Es bleibt also ein Rätsel, warum Schad in seinem ersten ausführlichen Bekenntnis zu dem, was er seit Jahrzehnten als “Goetheanist” vertritt, zwar bei jeder Gelegenheit auf Steiner Bezug nimmt, aber die diesbezüglichen Grundwerke Steiners nicht berücksichtigt. Die einzige Andeutung einer Erklärung sehe ich im wortgeschichtlichen Teil seiner Ausführungen. Da erläutert Schad vollkommen zutreffend, daß nach dem allgemeinen Sprachgebrauch das Adjektiv “goethesch” sich speziell darauf bezieht, was die Person Goethe vollbracht hat, während “goetheanistisch” eine überpersönliche Ausrichtung mehrerer oder vieler Gleichgesinnter bezeichnen sollte, für die das goethesche Werk nur ein prägnantes Beispiel lieferte. Das weiß jeder, der sich ein wenig für derartige linguistische Feinheiten interessiert. Was also soll diese Belehrung? Soll sie begründen, warum u.a. Steiners “Erkenntnistheorie der Goetheschen Weltanschauung” (1886) anschließend komplett ignoriert wird? Das wäre ein sehr billiger Trick, aber eine andere Erklärung ist mir nicht ersichtlich.
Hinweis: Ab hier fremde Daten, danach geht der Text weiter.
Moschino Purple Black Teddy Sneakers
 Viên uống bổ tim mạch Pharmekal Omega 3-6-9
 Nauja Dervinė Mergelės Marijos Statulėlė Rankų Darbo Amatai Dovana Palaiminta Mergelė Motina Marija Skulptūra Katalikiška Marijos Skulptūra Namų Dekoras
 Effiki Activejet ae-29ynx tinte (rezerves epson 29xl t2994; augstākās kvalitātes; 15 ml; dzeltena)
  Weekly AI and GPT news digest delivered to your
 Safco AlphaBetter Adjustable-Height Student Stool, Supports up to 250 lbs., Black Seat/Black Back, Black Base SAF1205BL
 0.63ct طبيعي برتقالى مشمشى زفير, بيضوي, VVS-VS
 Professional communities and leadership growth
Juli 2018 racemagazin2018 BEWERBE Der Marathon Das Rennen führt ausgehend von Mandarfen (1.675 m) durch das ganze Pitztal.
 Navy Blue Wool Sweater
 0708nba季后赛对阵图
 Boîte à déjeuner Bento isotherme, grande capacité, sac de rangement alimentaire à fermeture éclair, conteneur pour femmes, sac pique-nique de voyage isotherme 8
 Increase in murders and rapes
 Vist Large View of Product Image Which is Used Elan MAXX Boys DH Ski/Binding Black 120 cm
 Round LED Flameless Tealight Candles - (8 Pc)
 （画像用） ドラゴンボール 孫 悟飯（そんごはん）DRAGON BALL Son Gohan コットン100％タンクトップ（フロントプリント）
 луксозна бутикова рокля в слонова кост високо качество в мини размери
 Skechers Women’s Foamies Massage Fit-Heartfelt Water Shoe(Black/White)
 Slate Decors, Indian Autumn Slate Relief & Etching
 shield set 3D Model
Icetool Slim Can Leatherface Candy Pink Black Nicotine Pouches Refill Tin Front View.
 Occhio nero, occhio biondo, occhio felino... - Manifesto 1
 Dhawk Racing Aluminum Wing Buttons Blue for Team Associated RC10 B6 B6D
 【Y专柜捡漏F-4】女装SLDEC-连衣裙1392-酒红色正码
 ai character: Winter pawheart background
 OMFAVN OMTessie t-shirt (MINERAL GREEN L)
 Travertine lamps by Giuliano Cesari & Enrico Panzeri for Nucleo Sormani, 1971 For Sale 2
Goetheanismus kann sehr wohl ganz unabhängig von der Anthroposophie vertreten werden. Das hat namentlich Henri Bortoft in seinem Buch “Goethes naturwissenschaftliche Methode” (1995) versucht. Dieses Buch ignoriert Schad aber ebenso wie die entsprechenden Werke Steiners. Auch hier könnte man als formale Begründung anführen, daß Bortoft das Wort “Goetheanismus” nicht verwendet, sondern stattdessen immer von “Goethes Methode” spricht. Entscheidend ist aber, daß er nicht nur beschreibt, was Goethe gemacht hat, sondern (wie zuvor schon Steiner) die dabei zutage tretende Methode erläutert und erkenntnistheoretisch zu begründen versucht. Diese Methode ist nicht auf Goethe selbst beschränkt, sondern kann im Prinzip von jedermann eigenständig vollzogen werden. Und genau darum - also um Goetheanismus - geht es Bortoft. Als Beispiel dafür, daß auch Andere schon Goethes Methode erfolgreich anwendeten (also Goetheanismus betrieben), wählte er übrigens ein Buch von Schad.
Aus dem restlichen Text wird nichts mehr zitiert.